The exact match 400 appears at the top of the metadata list, followed by sections of the metadata list 402 a, 402 b, 404 a, and 404 b. Section 402 a contains metadata objects having a match position ordinal of 0 and an associated play recency value, ordered descending from most to least recent. Section 402 b contains metadata objects having a match position ordinal of 0 and no associated play recency value, ordered descending from greatest relevance to least relevance. Similarly, sections 404 a and 404 b follow with metadata objects having a match position ordinal of 1. Ellipses 406 are used to indicate that an indeterminate further number of sections follow with the same structure as those shown.
There are various possibilities with regard to the context in which the invention is applied.
Another possible embodiment of the invention may be implemented as software executing on a mobile phone connected wirelessly to the digital content library and application server. The numeric keys provided by the mobile phone are used as the selection keys, and the phone's display is used as the display device. The additional buttons provided by the mobile phone are used to activate and control playback. The library data structure is implemented by a remote application server 504 which returns metadata lists across the wireless data connection. When a metadata selection is made, the corresponding media files 506 are streamed or downloaded to the mobile phone for playback through headphones or another connected speaker.

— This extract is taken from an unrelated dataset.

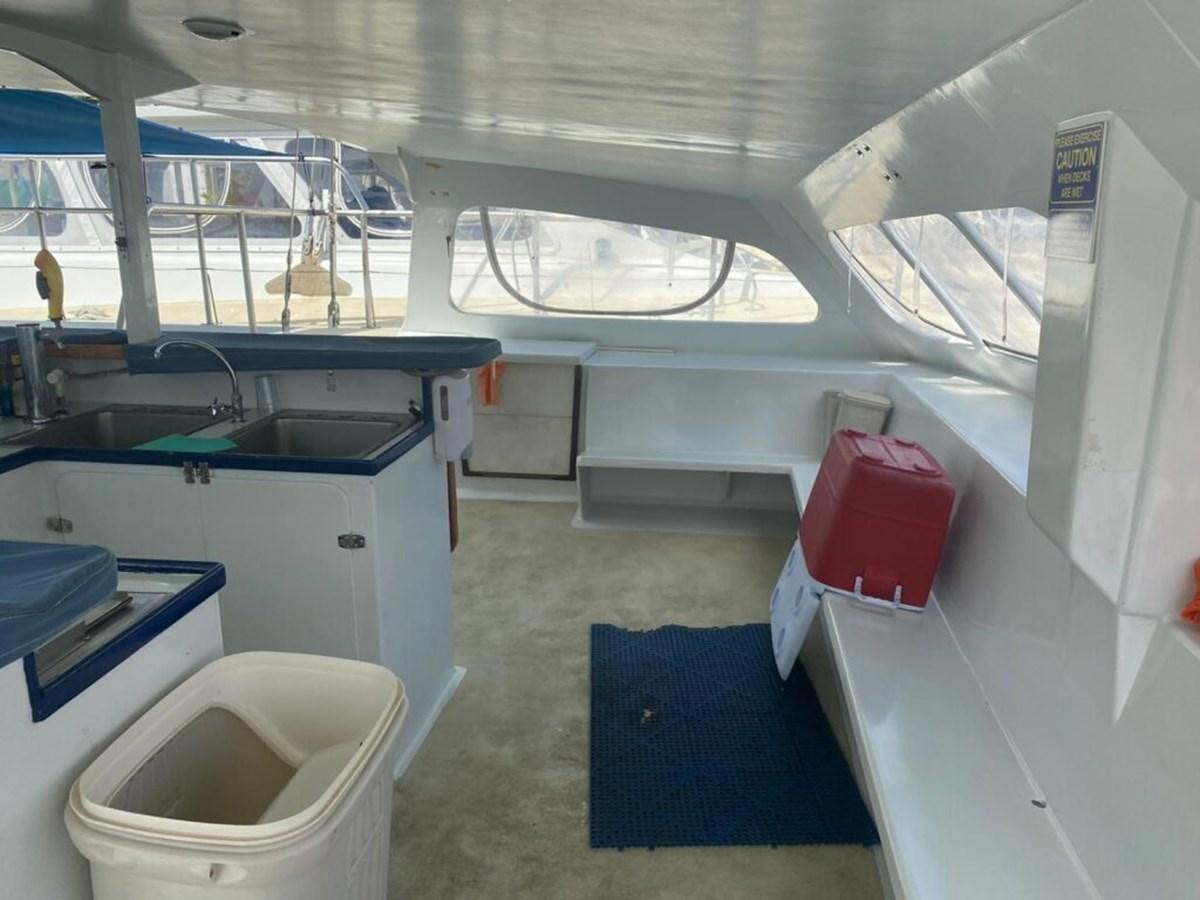 a room with a sink and a bathtub aboard 1996 GOLD COAST GC 70 Yacht for Sale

The invention can also be embodied as an automotive dashboard component, a countertop or desktop home appliance, or an in-wall keypad and display controlling music playback in the home. In all of these cases, the device may be connected to either a local or a remote content library.

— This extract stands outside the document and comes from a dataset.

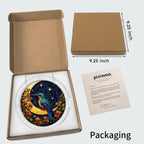 Hummingbird crescent-moon puzzle suncatcher shown in its kraft gift box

Additional alternative embodiments are possible where the number of selection keys available as well as the sets of characters associated with each key varies. Each key may have more or less associated alphanumeric characters, and the user interface may have more or less selection keys provided in the array. In these embodiments, the format of the library data structure and the syntax of the regular expressions used may be modified.

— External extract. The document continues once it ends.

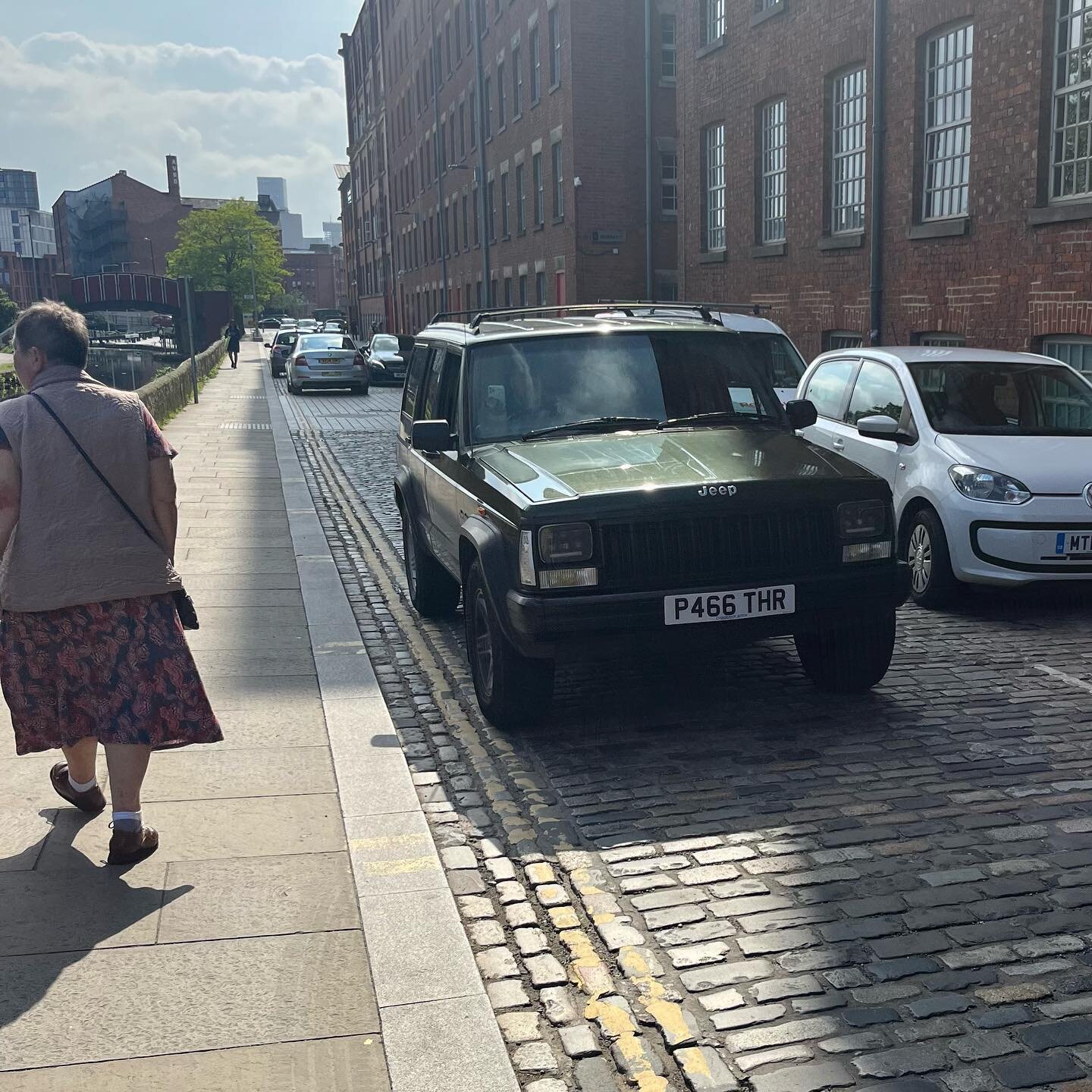 The lady looks away unimpressed as a big green block on wheels rumbles past&hellip;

Alternative embodiments are also possible where the key sequence matching logic is extended to utilize non US character sets. In these embodiments, the keys used to specify a match may correspond to additional or alternative characters. Additionally, the set of unincluded characters, described in the preferred embodiment as the set of non alphanumeric characters, may be defined differently to suit the user's local or the number of keys available on the input device. In these embodiments, the format of the library data structure and the syntax of the regular expressions used may be modified.
Accordingly, the embodiments described herein provide a user interface that enables quick, direct, and articulate selection and playback of digital media from an available content library. One or more of these embodiments overcome significant usability challenges presented by the advent of digital media libraries used with mobile or portable devices. Additional advantages include
Although the description above contains many specificities, these should not be construed as limiting the scope of the invention but as merely providing illustrations of some of the presently preferred embodiments of the invention.
Thus the scope of the invention should be determined by the appended claims and their legal equivalents, rather than by the examples given.